Rui Ramos
Para onde nos leva António Costa? Este é
o primeiro governo em Portugal sem nenhuma ideia, sem nenhuma direcção, sem uma
razão de ser, a não ser a dos egoísmos partidários que o formaram.
Se há uma coisa que este
governo e a sua maioria fizeram crescer em Portugal, foi a incerteza. Alguém,
neste momento, sabe ao certo se a economia cresce mais ou menos do que antes?

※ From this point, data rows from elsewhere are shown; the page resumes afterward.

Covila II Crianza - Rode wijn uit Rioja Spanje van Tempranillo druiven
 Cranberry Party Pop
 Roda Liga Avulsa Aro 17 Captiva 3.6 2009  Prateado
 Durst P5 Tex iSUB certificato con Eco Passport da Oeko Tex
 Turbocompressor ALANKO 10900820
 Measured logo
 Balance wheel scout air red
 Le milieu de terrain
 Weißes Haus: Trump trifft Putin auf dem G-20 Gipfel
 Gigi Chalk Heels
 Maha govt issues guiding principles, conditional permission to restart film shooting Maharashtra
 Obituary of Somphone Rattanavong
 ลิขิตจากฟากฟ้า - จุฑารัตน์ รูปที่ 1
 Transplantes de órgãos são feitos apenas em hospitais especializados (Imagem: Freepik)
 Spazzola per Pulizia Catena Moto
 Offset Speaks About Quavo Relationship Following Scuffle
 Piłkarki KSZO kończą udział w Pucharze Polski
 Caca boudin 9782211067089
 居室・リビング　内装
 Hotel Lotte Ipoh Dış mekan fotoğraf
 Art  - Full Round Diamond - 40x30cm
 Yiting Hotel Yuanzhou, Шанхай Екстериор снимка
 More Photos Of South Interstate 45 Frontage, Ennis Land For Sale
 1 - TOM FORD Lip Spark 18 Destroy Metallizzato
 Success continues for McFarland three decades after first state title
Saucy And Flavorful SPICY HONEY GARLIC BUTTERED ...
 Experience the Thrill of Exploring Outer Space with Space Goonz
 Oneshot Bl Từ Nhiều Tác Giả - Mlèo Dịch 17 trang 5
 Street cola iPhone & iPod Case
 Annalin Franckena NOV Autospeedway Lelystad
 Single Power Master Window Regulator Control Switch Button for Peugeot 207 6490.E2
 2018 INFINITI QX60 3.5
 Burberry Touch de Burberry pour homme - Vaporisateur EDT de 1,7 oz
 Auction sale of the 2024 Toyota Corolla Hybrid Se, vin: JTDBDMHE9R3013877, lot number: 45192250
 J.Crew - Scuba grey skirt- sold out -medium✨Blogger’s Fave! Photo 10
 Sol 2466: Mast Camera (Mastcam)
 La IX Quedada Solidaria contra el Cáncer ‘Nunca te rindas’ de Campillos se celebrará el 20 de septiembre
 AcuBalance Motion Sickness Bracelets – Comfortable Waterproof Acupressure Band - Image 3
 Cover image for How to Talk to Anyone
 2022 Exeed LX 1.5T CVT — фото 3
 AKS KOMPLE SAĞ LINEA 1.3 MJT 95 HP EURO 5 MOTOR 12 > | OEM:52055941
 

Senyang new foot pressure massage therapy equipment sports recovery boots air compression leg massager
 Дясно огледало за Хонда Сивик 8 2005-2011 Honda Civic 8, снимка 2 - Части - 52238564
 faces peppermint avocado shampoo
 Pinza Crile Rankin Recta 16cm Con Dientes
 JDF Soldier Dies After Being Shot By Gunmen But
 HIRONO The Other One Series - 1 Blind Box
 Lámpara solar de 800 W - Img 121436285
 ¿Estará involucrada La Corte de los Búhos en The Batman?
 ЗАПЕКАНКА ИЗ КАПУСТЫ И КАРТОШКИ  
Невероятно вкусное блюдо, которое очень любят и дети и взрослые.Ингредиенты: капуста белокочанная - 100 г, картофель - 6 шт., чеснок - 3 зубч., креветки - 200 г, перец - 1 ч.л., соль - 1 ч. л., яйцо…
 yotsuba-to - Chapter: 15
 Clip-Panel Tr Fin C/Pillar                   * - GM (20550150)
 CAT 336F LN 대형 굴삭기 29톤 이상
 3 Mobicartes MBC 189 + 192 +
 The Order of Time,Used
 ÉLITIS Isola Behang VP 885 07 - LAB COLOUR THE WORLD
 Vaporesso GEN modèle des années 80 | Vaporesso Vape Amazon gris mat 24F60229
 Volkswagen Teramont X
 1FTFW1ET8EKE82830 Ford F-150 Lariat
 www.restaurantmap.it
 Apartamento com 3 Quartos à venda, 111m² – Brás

Se pagamos mais ou menos impostos? Quase todos os dias, algum relatório traz
mais um número para atear dúvidas. É o mundo ideal para os fact checkers. Mas erraria quem pensasse que vivemos apenas um caso
agudo de discórdia estatística. A incerteza não vem apenas da possibilidade de
interpretar percentagens e especular com casas decimais, mas da profunda
perturbação do regime político, em que toda a oligarquia faz grandes esforços
para não reparar.
O regime português tinha,
entre outras, estas duas regras: a primeira dizia que o governo de um Portugal
integrado na zona Euro devia assentar em forças políticas identificadas com o
projecto da integração europeia, e os valores que esse projecto representa; a
segunda estabelecia que nenhum partido chefiaria um governo se não tivesse o
primeiro lugar nas eleições. Foi assim durante quase 40 anos. Deixou de ser
assim o ano passado, quando António Costa, derrotado nas eleições, salvou a sua
carreira política entregando-se nas mãos de partidos que sempre combateram o
regime tal como se desenvolveu desde 1976, opondo-se a todas as revisões
constitucionais e à integração europeia. O regime continuou, claro. Mas sem
essas regras, deixou de se perceber o seu caminho. Qual é a direcção? A do PS,
que promoveu a integração europeia, ou a do PCP e BE, que sempre a combateram?
Para que serve o governo? Para cumprir as regras do Tratado Orçamental, que o
PS subscreveu, ou para romper com o Tratado Orçamental, contra o qual o PCP e o
BE votaram? Poder-me-ão dizer: bem, o PS governa, logo é a orientação do PS que
predomina. Mas ao violar a segunda regra, António Costa depende completamente
do PCP e do BE, que todos os dias exibem a sua influência. Para onde vamos?
Este governo e esta maioria
romperam ainda com outra coisa: com tudo aquilo que os partidos que formam a
maioria e apoiam o governo tinham dito, aconselhado e exigido enquanto
estiveram na oposição. Até Novembro de 2015, PS, PCP e BE pareciam acreditar,
por vias diferentes, que os problemas portugueses se resolveriam pondo a
economia a crescer, e não equilibrando as contas do país, como pretendia a
troika. Eram pelo “investimento público” e pelos “estímulos à economia”.
Desprezavam as “metas do défice”. Mais: consideravam a política europeia
errada, e achavam que deveria ser contestada e resistida até às últimas
consequências. Mas ei-los no poder, e de um dia para o outro o crescimento
deixa de lhes importar, cortam o investimento público, e parecem obcecados com
as metas do défice. Perante Bruxelas, emitem por vezes uns ruídos
anti-germânicos, mas de resto dão a entender que não há problemas. Que
significa isto? Por um lado, tudo faz sentido: uma vez no poder, as antigas
oposições descobriram que não lhes convinha dispensar o financiamento do BCE.
Mas por outro lado, tudo é bizarro: o governo não prepara o país para ser
competitivo dentro do quadro do Euro, porque o BE e o PCP recusam reformas, mas
também não prepara o país para sair do Euro, porque o PS não aceita a saída do
Euro. Limitamo-nos a viver do dinheiro do BCE, à deriva.
Para onde nos leva António
Costa? Sabe ele o que está a fazer? Tem um plano? Este é o primeiro governo
neste regime sem nenhuma ideia, sem nenhuma direcção, sem uma razão de ser, a
não ser a dos egoísmos partidários que o formaram. Por isso, não admira que a
questão para tantos portugueses seja: quando é que isto rebenta?